Every line of the listing below from the one with "Herzrhythmusstörungen: Von Vorhofflimmern" up to and including the one with "MyLab™X5 - Stress echo" should be retyped exactly, and nothing else; pictures are not part of the copy.

▶ [MATERIALS PROVIDED]:
+++

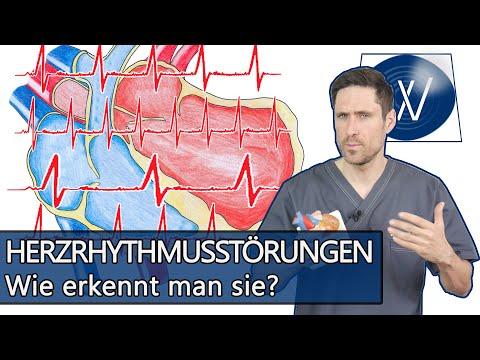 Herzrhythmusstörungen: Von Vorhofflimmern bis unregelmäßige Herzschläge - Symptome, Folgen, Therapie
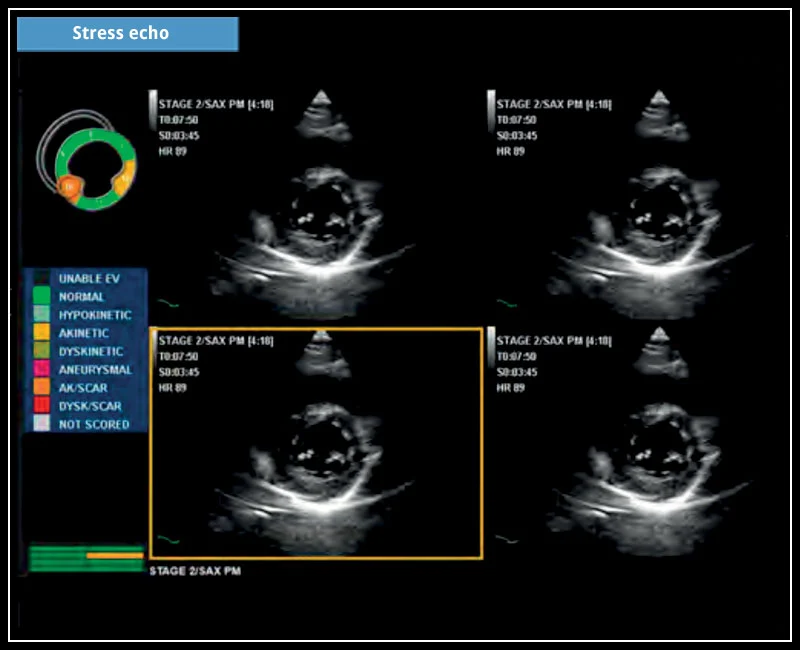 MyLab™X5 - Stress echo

+++

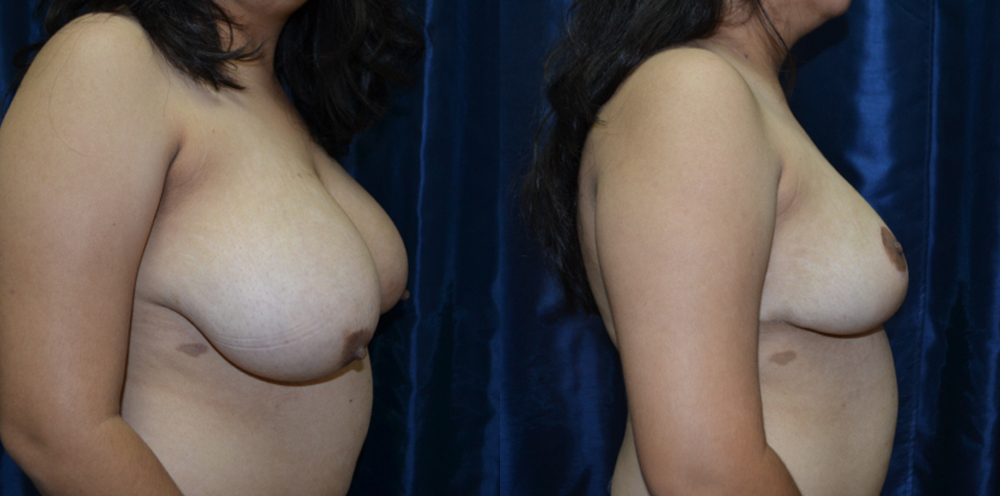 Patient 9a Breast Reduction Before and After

+++

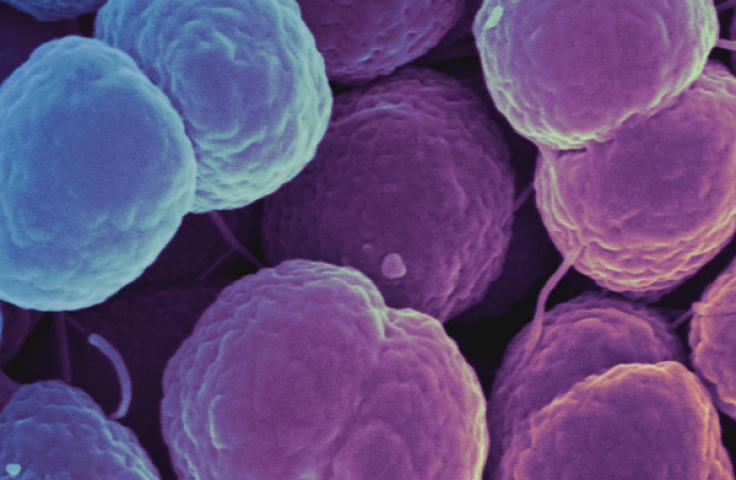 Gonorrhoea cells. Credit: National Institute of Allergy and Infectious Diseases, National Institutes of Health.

+++

▶ [THE COMPLETED TASK]:
 Herzrhythmusstörungen: Von Vorhofflimmern bis unregelmäßige Herzschläge - Symptome, Folgen, Therapie
 MyLab™X5 - Stress echo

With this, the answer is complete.